== Raw data ==

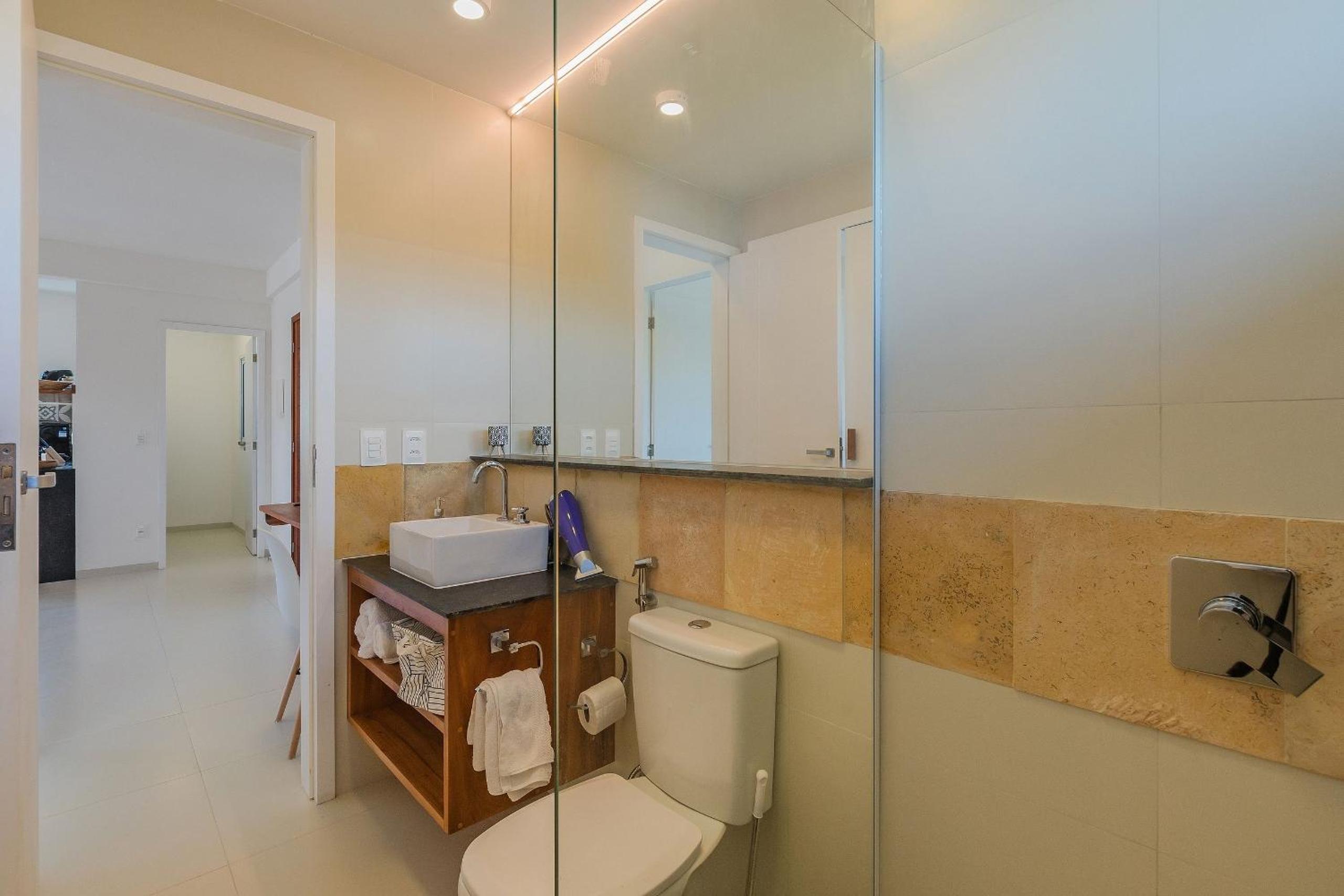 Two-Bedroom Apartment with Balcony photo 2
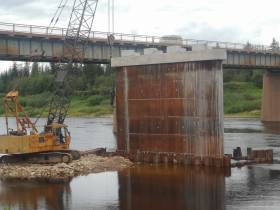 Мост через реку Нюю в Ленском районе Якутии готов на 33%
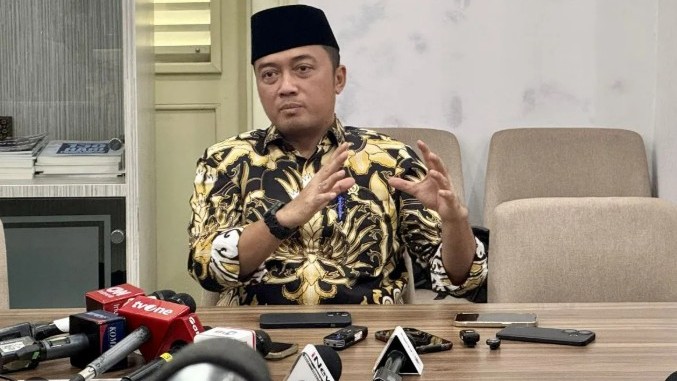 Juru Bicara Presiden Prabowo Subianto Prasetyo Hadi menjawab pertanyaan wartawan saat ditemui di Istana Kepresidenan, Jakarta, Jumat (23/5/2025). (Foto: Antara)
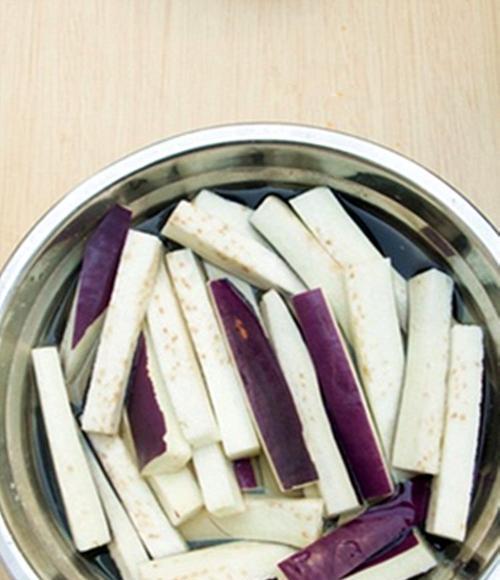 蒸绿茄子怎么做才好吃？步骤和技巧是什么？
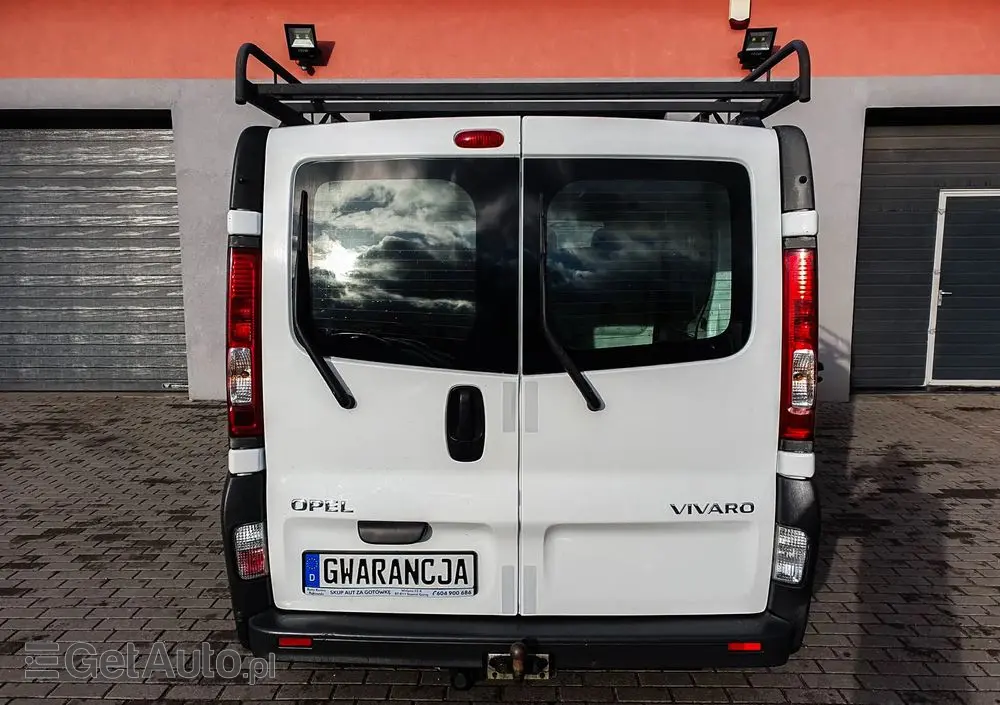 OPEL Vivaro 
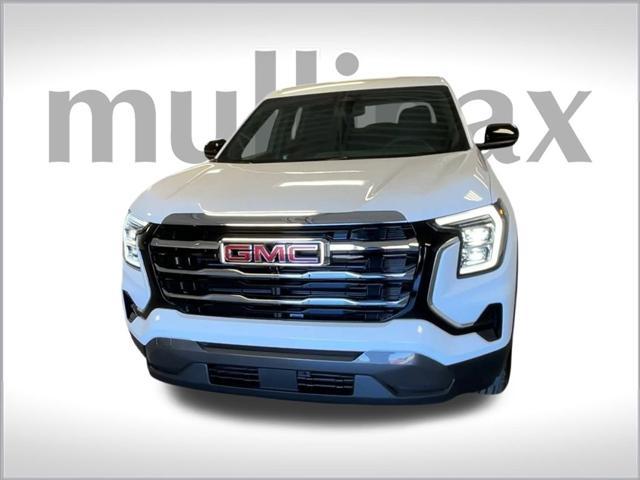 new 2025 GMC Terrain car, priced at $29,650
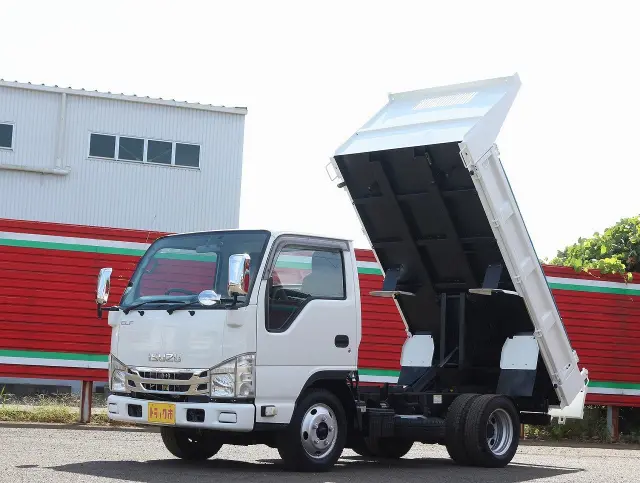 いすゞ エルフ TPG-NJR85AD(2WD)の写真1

== Problem description ==
Each entry above should be restated word for word, though no picture may appear in the copy.

== Final answer ==
 Two-Bedroom Apartment with Balcony photo 2
 Мост через реку Нюю в Ленском районе Якутии готов на 33%
 Juru Bicara Presiden Prabowo Subianto Prasetyo Hadi menjawab pertanyaan wartawan saat ditemui di Istana Kepresidenan, Jakarta, Jumat (23/5/2025). (Foto: Antara)
 蒸绿茄子怎么做才好吃？步骤和技巧是什么？
 OPEL Vivaro 
 new 2025 GMC Terrain car, priced at $29,650
 いすゞ エルフ TPG-NJR85AD(2WD)の写真1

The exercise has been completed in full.